▸ Assigned task
Lines to return, exactly: from the line with "Asmara Pendant Light, 3xE27, Max." to the line with "Colgante de Diamantes" in the entries below, both included.

▸ Dataset records
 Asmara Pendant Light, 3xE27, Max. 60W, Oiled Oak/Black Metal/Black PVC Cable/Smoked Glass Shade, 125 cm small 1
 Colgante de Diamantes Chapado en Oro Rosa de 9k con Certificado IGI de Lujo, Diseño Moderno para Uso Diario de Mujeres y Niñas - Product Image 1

==

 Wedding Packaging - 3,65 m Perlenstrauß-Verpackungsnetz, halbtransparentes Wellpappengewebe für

▸ Completed task
 Asmara Pendant Light, 3xE27, Max. 60W, Oiled Oak/Black Metal/Black PVC Cable/Smoked Glass Shade, 125 cm small 1
 Colgante de Diamantes Chapado en Oro Rosa de 9k con Certificado IGI de Lujo, Diseño Moderno para Uso Diario de Mujeres y Niñas - Product Image 1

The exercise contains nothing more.